I recently observed that most of a client’s backlog items had 5-point estimates. A colleague tweeted it, and an 180+ Twitter storm followed. This article explains the phenomenon, and why no one should call the police.
To manage capacity, forecast delivery dates and motivate architectural thinking, we often ask development teams to estimate proposed work. We were curious whether group dynamics cause statistical patterns in estimates. If so, can we reduce effort estimating detailed backlog items, especially in early forecasting, before we are really certain about what we might do?
Here we examine one organization’s data to look for signals and patterns. Our analysis is too anecdotal to provide conclusive recommendations for other groups and other individual teams, but it is highly likely that these patterns exist elsewhere. We illuminate biases and patterns in estimation behavior. We seek greater discussion on estimation behavior, with the goal of better forecasting with less effort.
This article has three parts
- Introduction to Story Point Estimation and other techniques currently used by teams
- A presentation of data and patterns seen by the author as part of a recent client engagement
- Discussion and initial thoughts on causes of the observed patterns
Story Point Estimation
For Agile teams who estimate, story points have become a popular unit to measure estimated effort. Agilists invented an artificial unit of “story point” to distance effort estimation from time estimation, and to render comparisons between teams more obtuse. For its primary purpose, allowing people to compare the estimated team effort of different items, story points work fine.
The story point metric also provides a way to limit work to avoid overwhelming the team’s capacity, and to forecast future team progress. The story points completed over time provides “velocity”, which usually correlates with the team’s near-term capacity. Velocity can then used for medium or long term projections, with diminishing accuracy as time frames increase. Our case study used story points for both purposes.
How Teams Estimate using Points
No standard method dictates how teams assign story points to a work item. Estimation generally occurs in specific meetings between the team and the “Product Owner” (the author of the work items). Having the Product Owner accessible during estimation helps the team quickly clarify work intent and acceptance criteria before estimating. Often these discussions turn to how splitting a large work item into smaller work items that incrementally build functionality and spread the invention risk.
To estimate new work items consistently with historical work, teams often compare them against previously estimated and completed work items (“reference stories”). Teams can estimate faster by quickly finding reference stories that bracket the new work item’s estimated effort. Reference stories help normalize estimates and learn from history. Some teams take comparative estimation further by spreading a large number of stories on a table and clustering them in groups of similar effort, assigning a point estimate value to all stories in a “pile.” This process, called “Bulk Estimation” (see http://senexrex.com/bulk-estimation/), helps teams focus on what work is larger and smaller in effort from other work. For prioritization trade-off decisions, this early information helps do high-value low-effort work before high-effort low-value work.

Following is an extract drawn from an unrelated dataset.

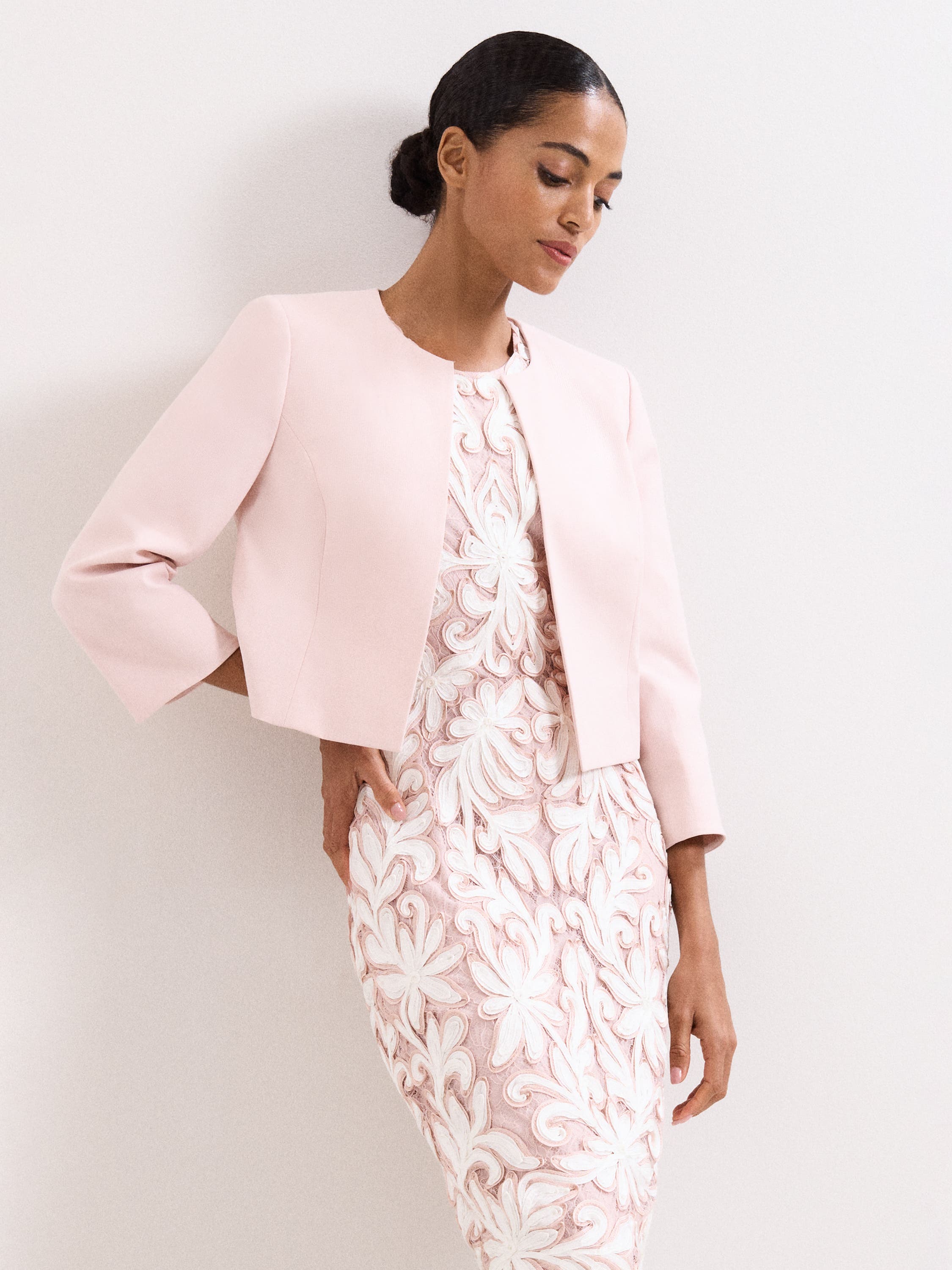 Cropped Round Neck Jacket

Agile and Lean Startup methods and practitioners promote smaller work items. Teams work hard to split work into acceptably small items. This helps the team deliver smaller increments (with shorter lead time) and allows deferring complex features that may change after customers try the simpler features. In my experience, stories are often split to smaller units but rarely combined into larger units for work being attempted in a sprint cycle.
All teams in this article biased towards smaller pieces of work and estimates in the presence of the Product Owner who helped split work if it was too big.
To avoid team members getting too detailed in their estimation with an open ended story point scale to choose from, some teams restrict the story point options to a subset. The most commonly chosen subset of estimation values follows the Fibonacci Scale. The logic is that the “next” sizing option is 50% larger than the previous and this is about as good a guess as likely possible given the information on-hand and the uncertainty surrounding the technical and system risks.
Pure Fibonacci is where the next number is the sum of the previous two numbers in the sequence, such as: 1, 2, 3, 5, 8, 13, 21, 34. This is often modified by software teams as 1, 2, 3, 5, 8, 13, 20, 40 for “simplicity,” however this author is not exactly sure why its perceived simpler, it is just different.
By restricting to a smaller set of options, any continuous pattern in allocation is replaced by discrete stepped patterns. When people estimate using these options they are guessing which size option the story is closest too. This satisfies the intended purpose of discerning which pieces of work are more effort than others and by how much in discrete steps.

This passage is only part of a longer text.